(EXCERPTED RECORDS begins)

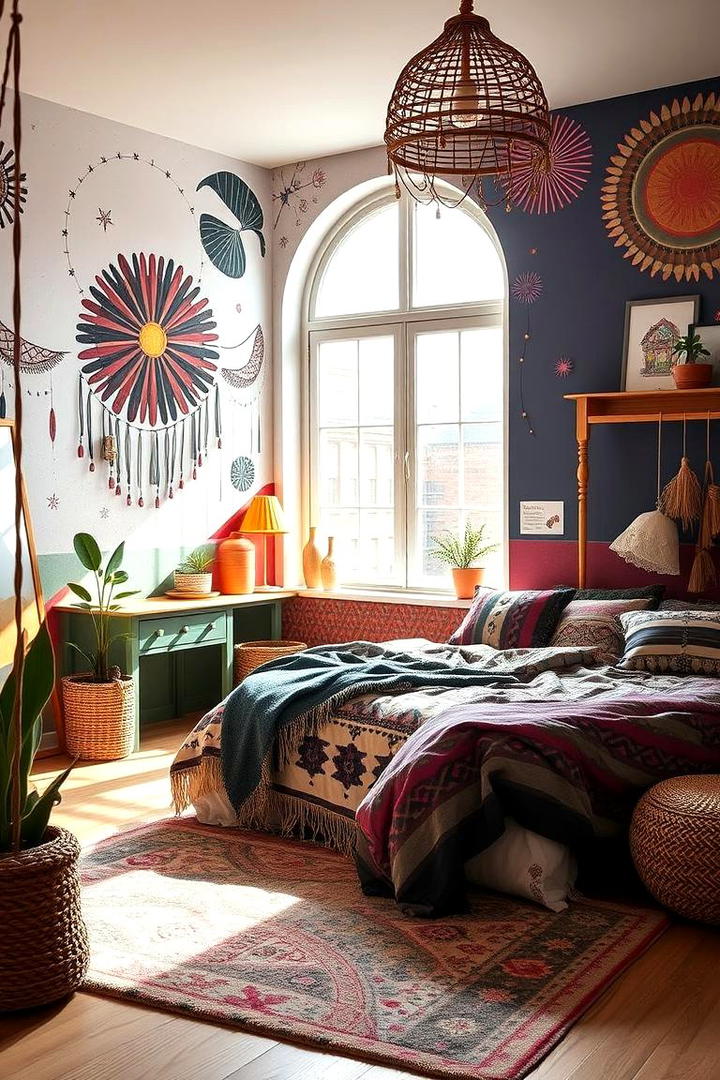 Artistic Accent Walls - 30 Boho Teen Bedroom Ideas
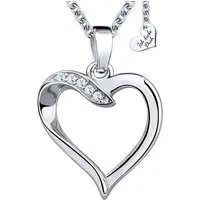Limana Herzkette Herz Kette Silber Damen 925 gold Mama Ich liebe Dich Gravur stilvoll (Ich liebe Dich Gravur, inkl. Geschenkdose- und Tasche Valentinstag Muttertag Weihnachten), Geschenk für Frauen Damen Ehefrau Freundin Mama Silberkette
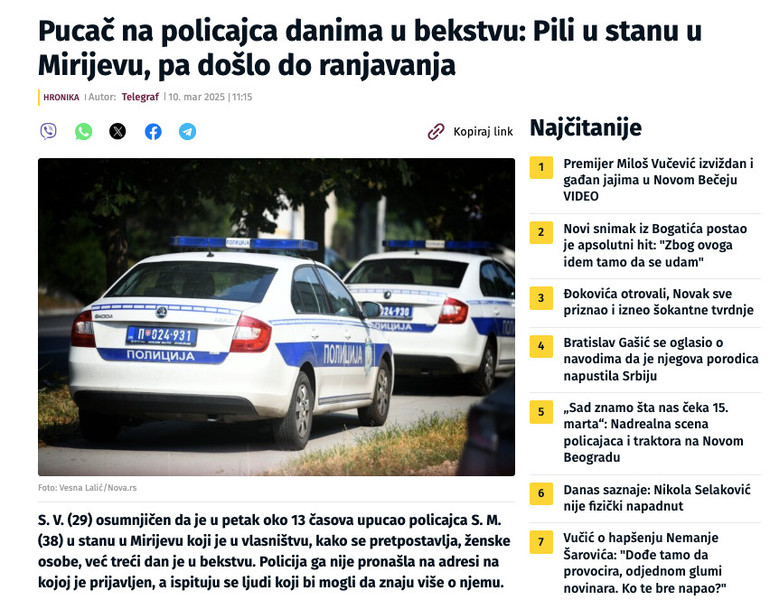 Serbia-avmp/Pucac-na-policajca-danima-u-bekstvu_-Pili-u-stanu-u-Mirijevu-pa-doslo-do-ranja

(EXCERPTED RECORDS ends)
(EXCERPTED RECORDS begins)

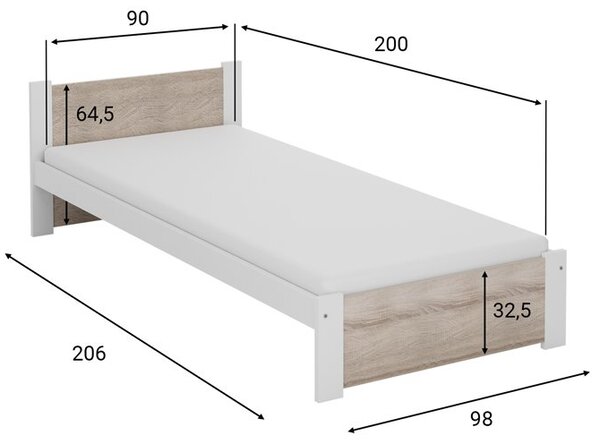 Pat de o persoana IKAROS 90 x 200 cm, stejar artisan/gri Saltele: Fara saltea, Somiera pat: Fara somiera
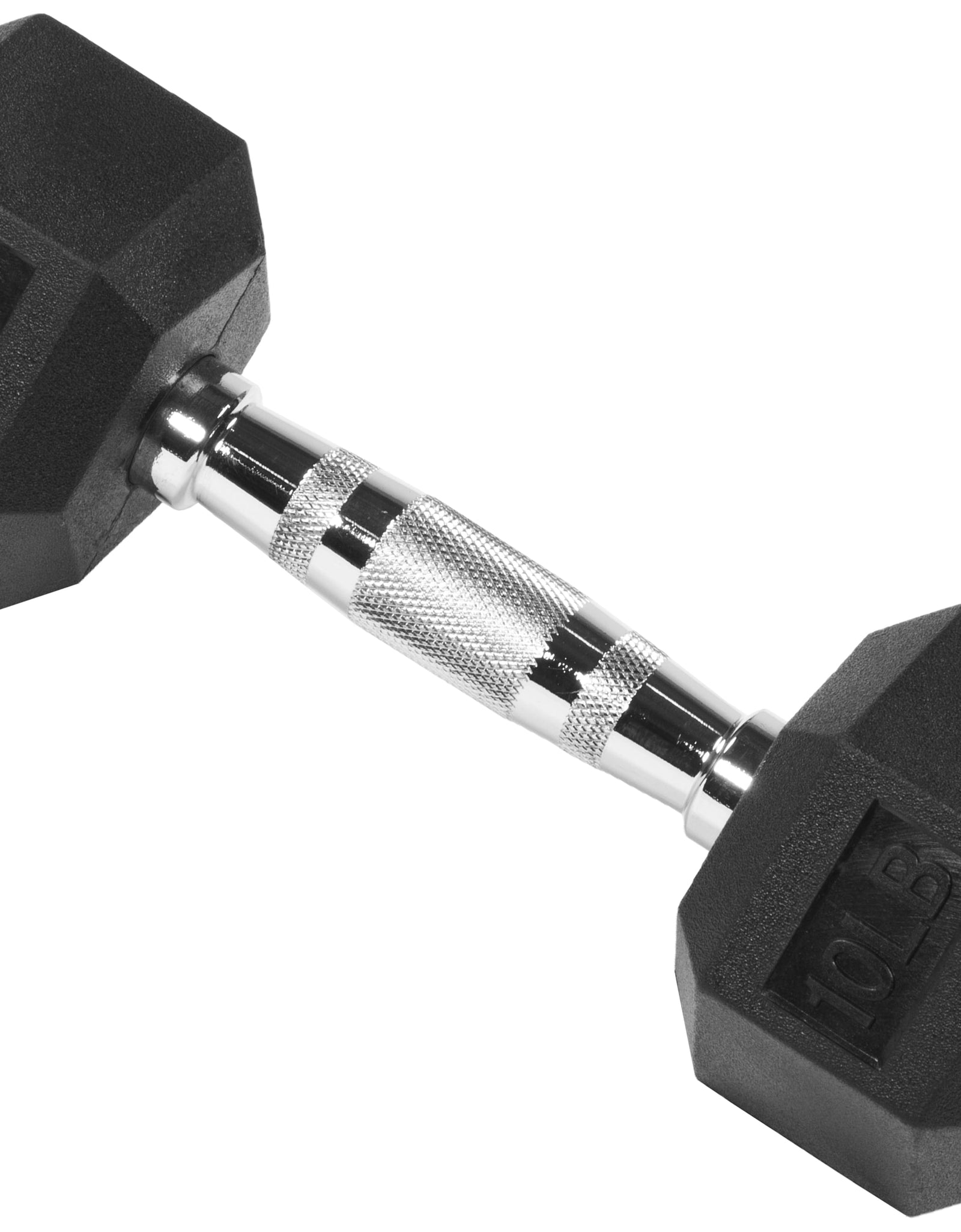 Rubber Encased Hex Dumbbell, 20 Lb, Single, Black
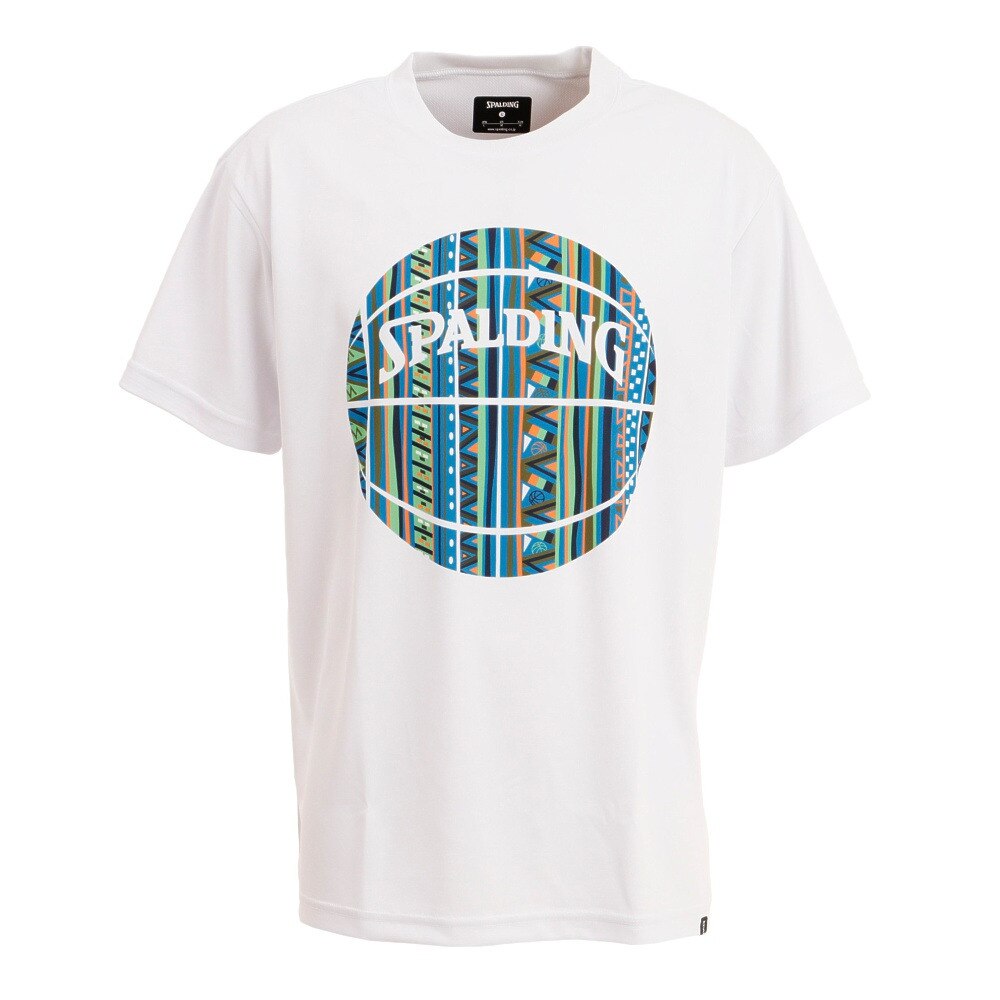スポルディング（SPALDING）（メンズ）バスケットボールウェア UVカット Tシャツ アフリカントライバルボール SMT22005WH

(EXCERPTED RECORDS ends)
(EXCERPTED RECORDS begins)

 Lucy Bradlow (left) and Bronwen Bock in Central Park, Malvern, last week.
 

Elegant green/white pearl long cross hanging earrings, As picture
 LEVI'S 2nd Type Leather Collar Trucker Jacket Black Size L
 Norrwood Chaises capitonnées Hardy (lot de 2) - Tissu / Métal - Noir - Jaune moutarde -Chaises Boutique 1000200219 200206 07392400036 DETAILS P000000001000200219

(EXCERPTED RECORDS ends)

* _EXERCISE DIRECTIONS_:
An exact copy of the lines above, from the one containing "LEVI'S 2nd Type" through the one containing "Norrwood Chaises capitonnées", is the whole of the answer.

* _EXPECTED OUTPUT_:
 LEVI'S 2nd Type Leather Collar Trucker Jacket Black Size L
 Norrwood Chaises capitonnées Hardy (lot de 2) - Tissu / Métal - Noir - Jaune moutarde -Chaises Boutique 1000200219 200206 07392400036 DETAILS P000000001000200219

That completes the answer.